There is a line to the wooden porch of the used car lot where,
responding to a late-night call, I found the limp, unconscious form
of a turkey vulture. The huge bird lay in a coma for 18 hours,
roused, powered through screens and doors, vanished into the
vastness of desert and sky.
Up that gray asphalt line is the Greyhound parking lot where a
yellow-bellied marmot hid under parked cars, having unwittingly
taken a roller-coaster ride down the mountains, clinging furiously
to the underside of a camper until it came to a standstill in the
parking lot. Netting him quickly, dropping him into a carrier, I
handed him to Susie, another volunteer rehabber, who drove him back
up the mountain to marmot territory.
I’m in town now, and I fold and store my metaphysical map, check
off errands from my list. On the way home, I’m filled with wonder
and gratitude for the gift of my map. I see that its richness and
complexity are limitless; space and time do not bind it, only the
awareness I bring to it.
I zoom in, as it were, to a point 300 miles and 17 years away,
where I stand on a deserted beach, toss bread to a gang of
gulls—masters of flight—who line up on the wind like jet liners
awaiting takeoff. The birds connect me to my mother—and dearest
friend—who is recovering from a stroke; her home, where I have been
caring for her, perches on the edge of the bluff high above us.
Picking another point and time, I round a dusty red road near the
Maasai Mara campground. Before me, rounded flanks gilded by the
setting sun, seventy elephants—matriarchs and infants, cousins and
aunts—browse contentedly, and my heart swells with joy. Another turn
in another red road reveals a Maasai warrior, painted with red and
white, beads at ears, neck and arms, spear and club in hand, a black
baby goat nestled to his naked chest. I jump to a moonlit beach on
Moorea, where tiny fish dance with their shadows in the shallows;
the waters off Isabella in the Galapagos, where light from the
boat’s hatchway reveals newly-hatched sea turtles, the size of
silver dollars, courageously casting their fates to the dark water.

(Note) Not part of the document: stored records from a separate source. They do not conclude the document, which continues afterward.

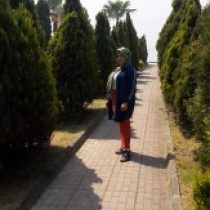 Seher MANSIZ kullanıcısının profil fotoğrafı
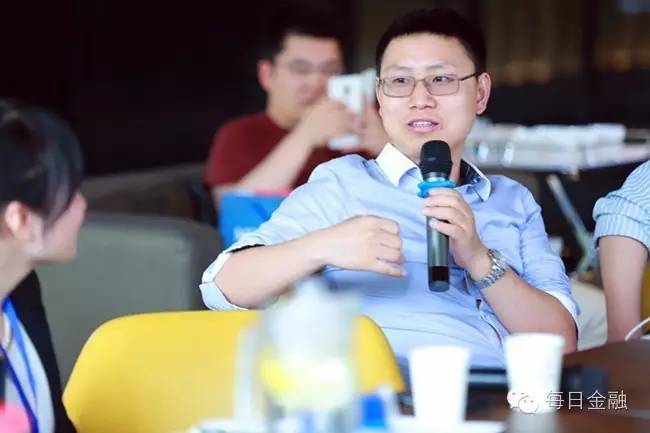 车贷是质押还是抵押,车贷是抵押还是质押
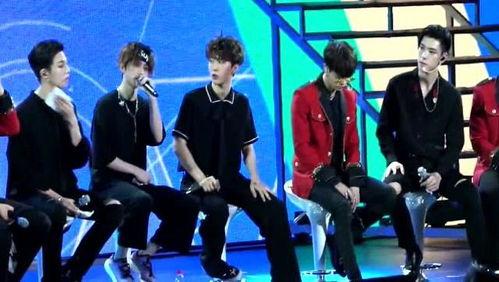 爆料视频配乐,爆款音乐背后的故事 第1张 爆料视频配乐,爆款音乐背后的故事 第1张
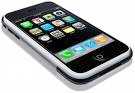 Photo: Sells Cell phone NOKIA - APPLE IPHONE 16GB 3G UNLOCKED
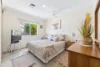 48 Guava Street, Red Cliffs, Vic 3496-Image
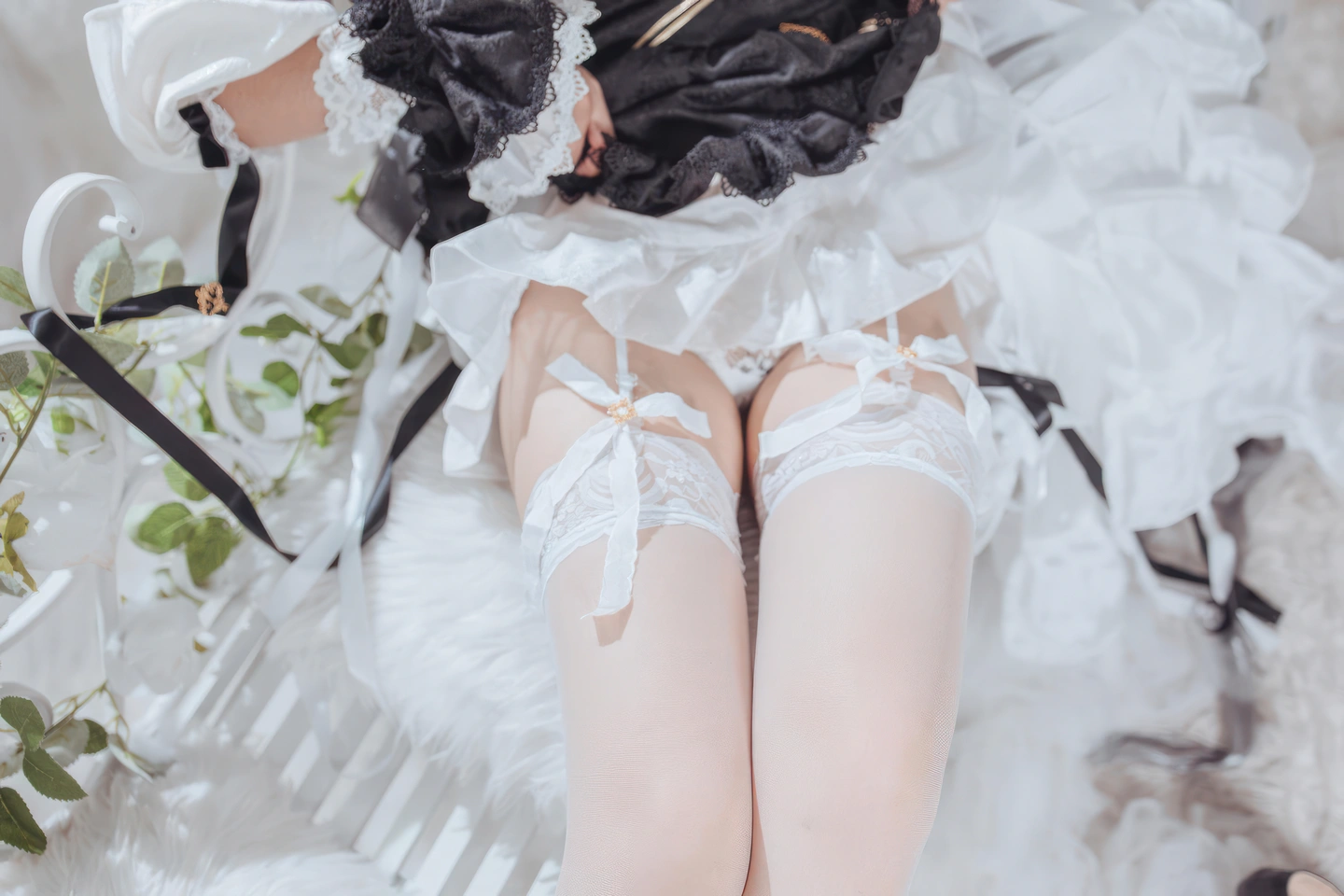 91tutu.cc@羽生三未-028.webp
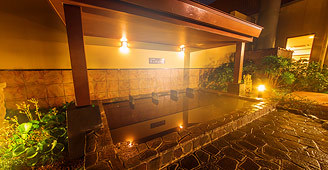 スパロイヤル川口のイメージ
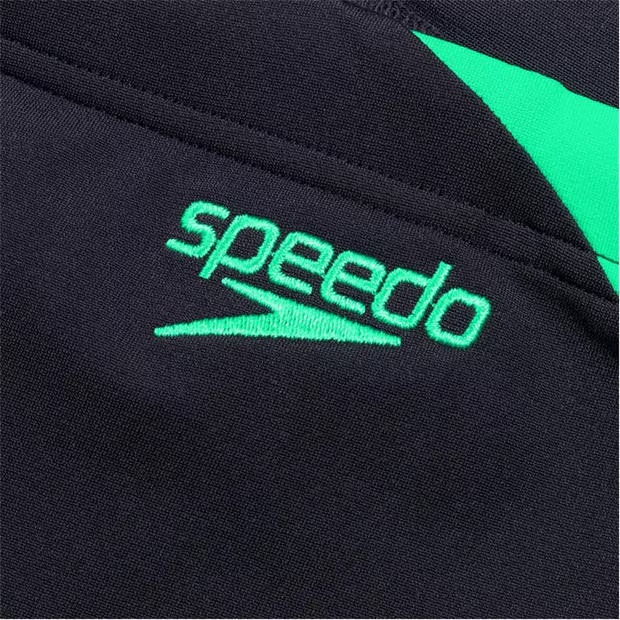 160704-speedo-hyper-boom-splice-jammer-shorts-1.jpg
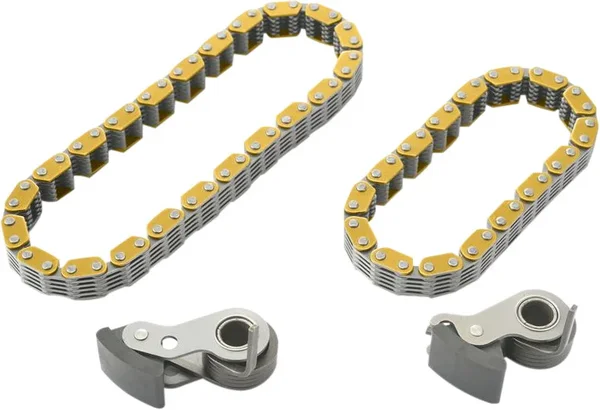 HARDDRIVE - 89445 - Cam Chain & Tensioner Kit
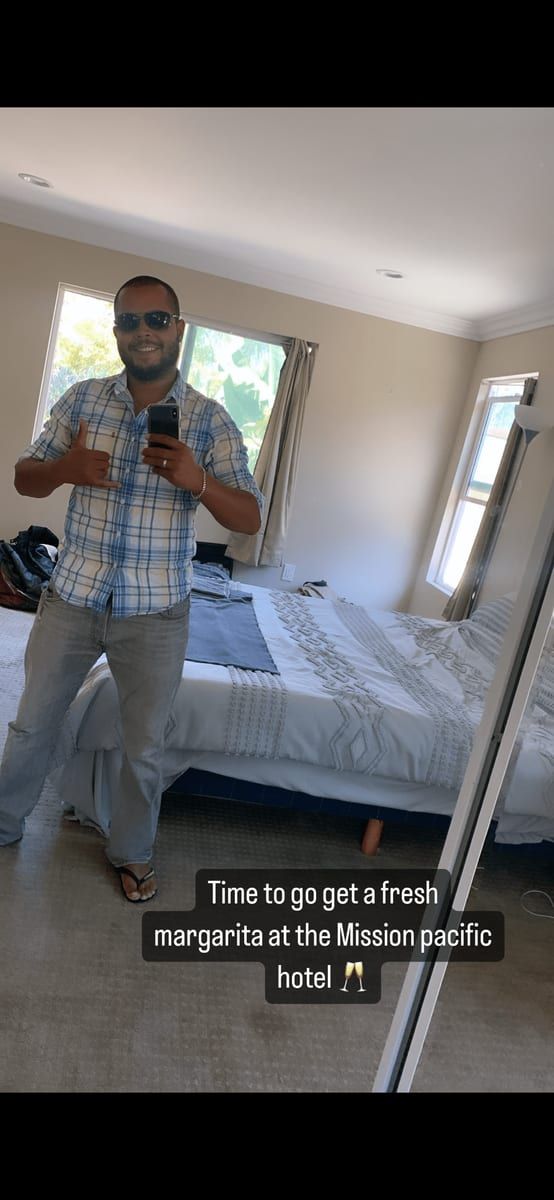 Profil de Yanik, 44 ans, Rencontre gay à Münchenbuchsee (Berne)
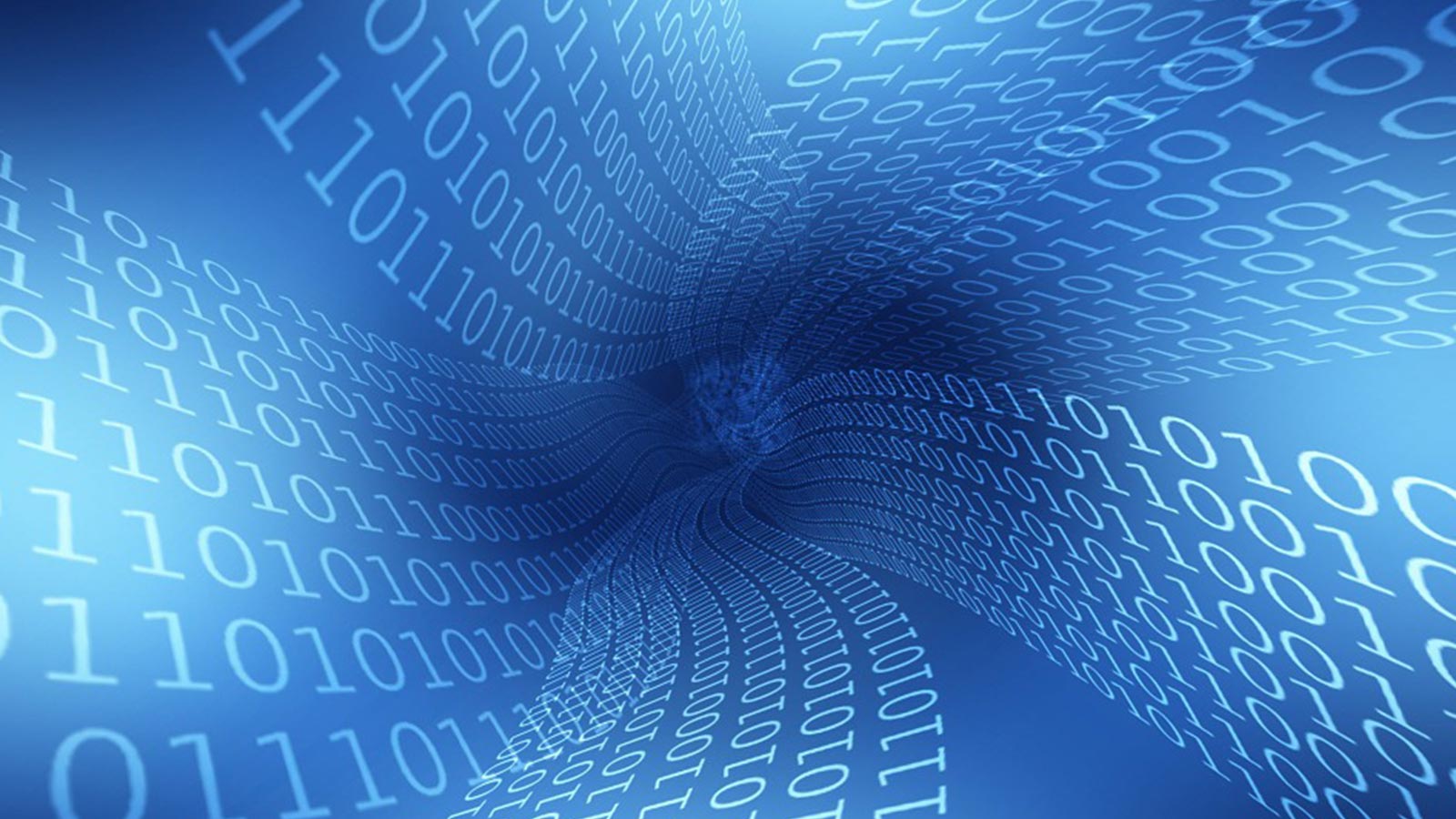 Cloudticity Delivers Fast, Effective Healthcare Transformation During 2020 COVID-19 Crisis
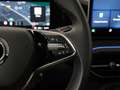 Skoda Kodiaq 1.5 TSI MHEV Business Edition 7-Persoons | Schuifd Noir - thumbnail 9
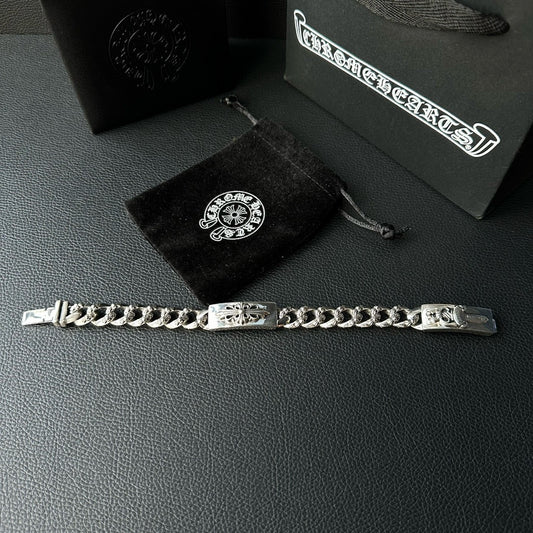 Chrome Hearts Bracelet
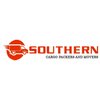 Southern Cargo Packers and Movers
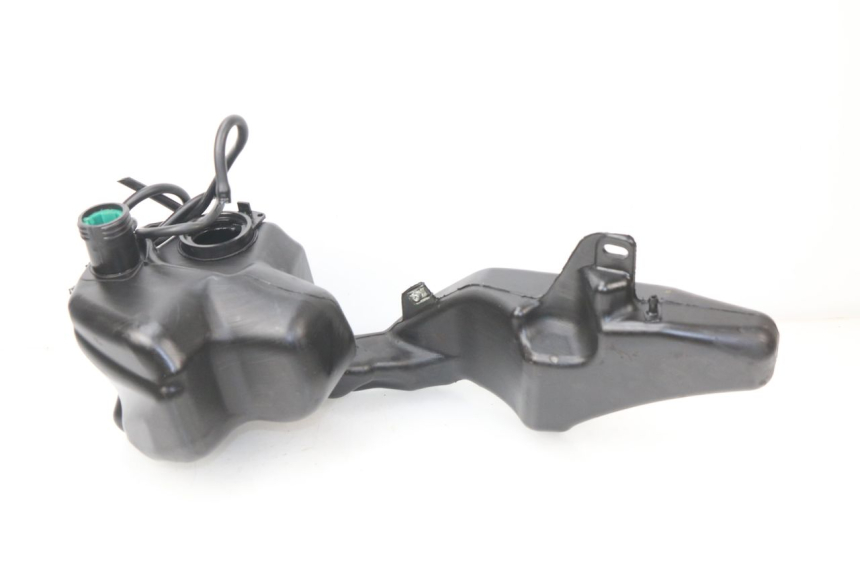 photo de KRAFTSTOFFTANK PIAGGIO LIBERTY 2T 50 (2009 - 2013)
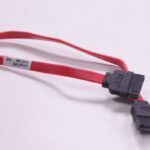 1423-00710PB Acer Cable Odd Sata AZC-700G-UW61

In a sunlit clearing in the high rainforest of the Virungas, a
big-bellied silverback gorilla rests on massive forearm and hip,
cradling a tiny curly-coated infant in huge, gentle hands. He kisses
the baby with a tenderness that melts my heart.
I follow a long, faint line that leads to a small patch of Maine
woods after a warm summer rain, where droplets gleam on leaf edge
and grass stem. We—my friend Sandy and I—name it the “Silver Wood”
and, on meeting 40 years later, recall the beauty of that place and
time with wonder. Following an even dimmer line, I see once again
lilies of the valley springing forth from winter-rich earth,
outlined by a glow that my four-year-old mind could not name but
never lost. I feel the cold dark mystery of midnight Mass on
Christmas Eve, snowflakes coming down like slowly falling stars.
The sand, the setting sun, the eagle, my friend—they are in me
and I in them—part of the never-ending dance of creation,
inseparable and indivisible. I feel myself cradled by the lines of
my map, rocked by life’s rhythms, anchored yet always flowing. I
open the eyes of my heart to the threads that spin outward,
unceasing, and I remember. We are all connected.